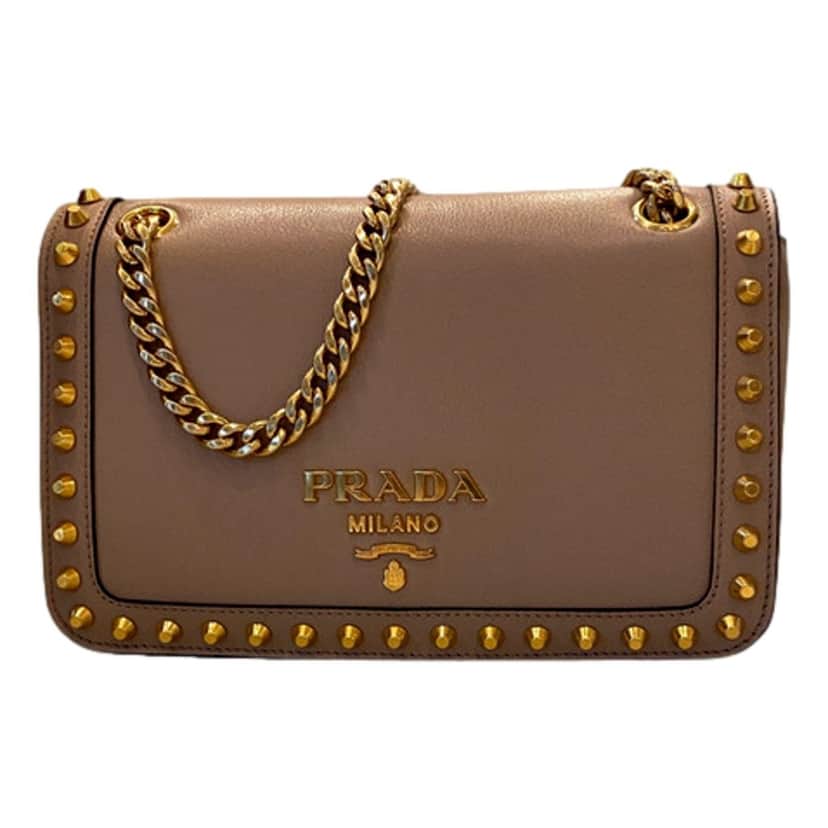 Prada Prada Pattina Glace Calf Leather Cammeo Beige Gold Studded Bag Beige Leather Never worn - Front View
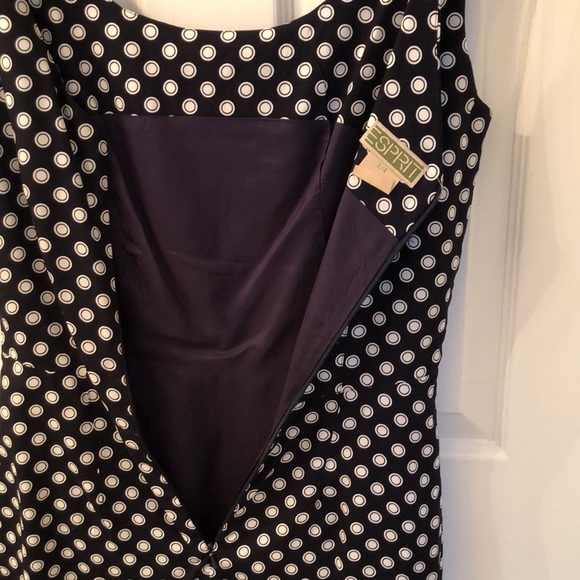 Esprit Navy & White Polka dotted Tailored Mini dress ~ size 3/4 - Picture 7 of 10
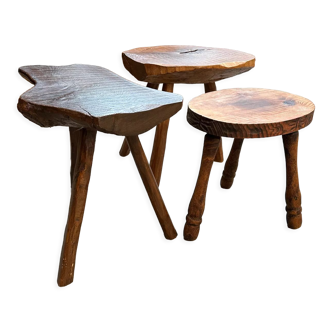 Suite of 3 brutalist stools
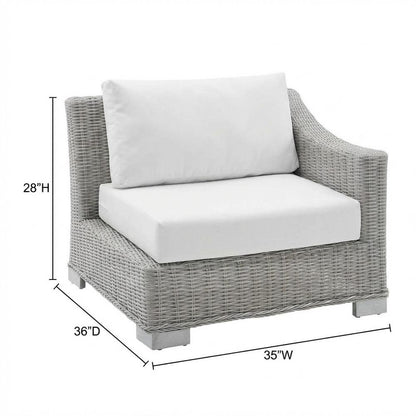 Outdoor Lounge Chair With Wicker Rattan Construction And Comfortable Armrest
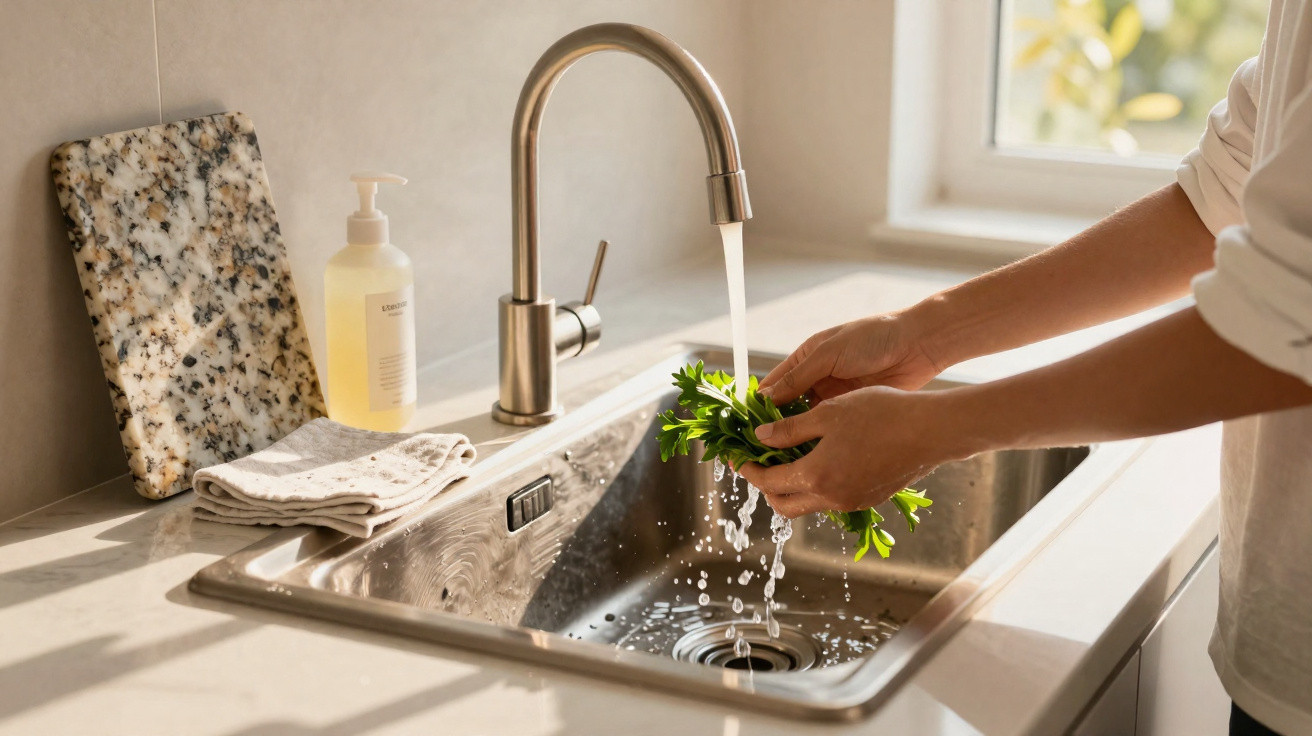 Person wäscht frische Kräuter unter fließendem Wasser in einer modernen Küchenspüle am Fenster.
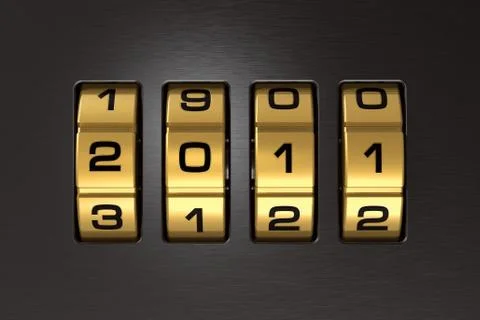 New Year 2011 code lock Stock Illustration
▬▬▬
• Problem requirements:
In the records above, find the line that contains "Outdoor Lounge Chair" and repeat exactly that line and all lines after it to the end. Do not include pictures.

• Answer to the problem:
 Outdoor Lounge Chair With Wicker Rattan Construction And Comfortable Armrest
 Person wäscht frische Kräuter unter fließendem Wasser in einer modernen Küchenspüle am Fenster.
 New Year 2011 code lock Stock Illustration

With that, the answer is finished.